I have a house that has no door. What am I? What is your guess? If you grew up in the era of riddles around a fire you would know the answer: an egg.  During the Easter period the most trending food all over the Christian world is an Easter egg. Whether it is hard boiled and painted various colours, or they are made up of chocolate or other edible material, they remain eggs. 
One common denominator is that they are all a similar shape, oval or cylindrical; most of them anyway. Their consistently perfect shape is one the most amazing things about eggs.  This shape helps to keep them from falling over the ledge of a steep cliff high above where predators fear to tread. When the birds lay their eggs, they keep rolling in the same area, round and round and cannot fall off because of their elliptical form.  How spectacular is that?
Besides their shape, their ability to remain delicate yet at the same time house a living embryo is astonishing. Brittle yet with enough tiny holes to allow air to go through, they are just a study on how the Creator paid attention to the smallest detail.
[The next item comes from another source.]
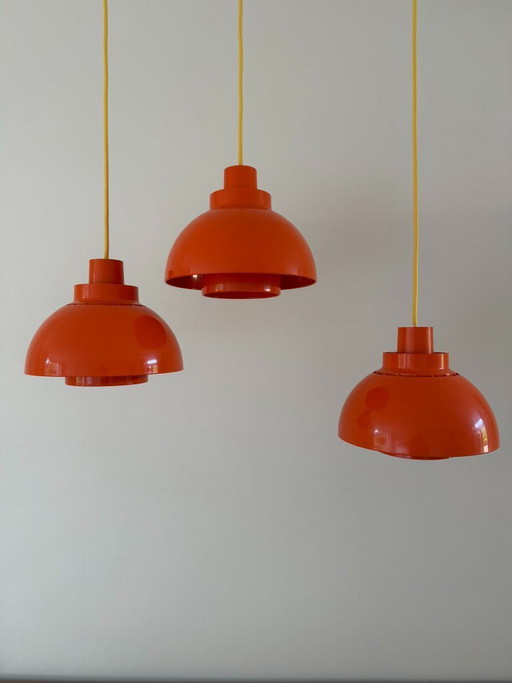 Vintage Nordisk Solar Minisol hanglampen - Space age lampen - Deens design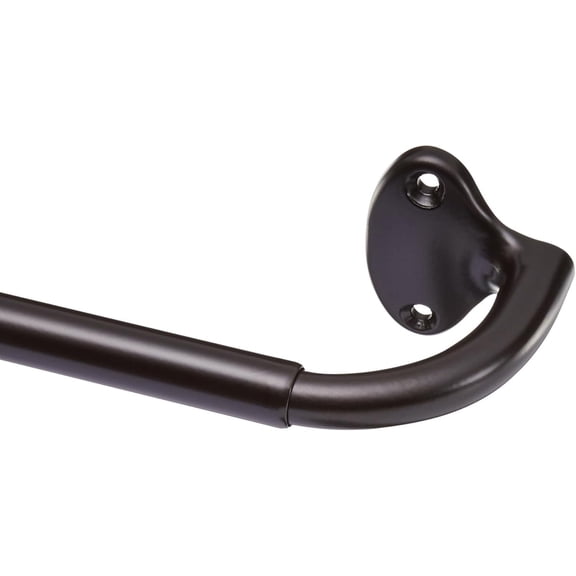 PETGLE Room Darkening Blackout Curtain Rod for Bedroom and Living Room, 28" to 48", Dark Bronze (Espresso)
Does the second Friday of every October ring an eggy bell? Well, it is the World Egg day. By eating eggs, you are getting protein.  Eggs in most parts of the planet are eaten as the first meal. Later in the day they can be put in salad or served as part of a smoothie.
Eggs have been part of menus for centuries perhaps due to their size, portability and the number of dishes they can be a part of. 
However, some people do not accept egg-eating because of the smell of the egg. Some people say that it is bad luck to break an egg while others still take eggs to be used during different rituals,such as when one buys a new car, they need to drive over the eggs if they are to have luck and avoid accidents. Consequently, they are seen by some people as evil and a food to be avoided.
Whatever your take on them, eggs are very much a part of the diet for most people. Their sticky quality ensures that they take first place in most pastries and other dishes. They have made their eggy splash and they are clearly here to stay.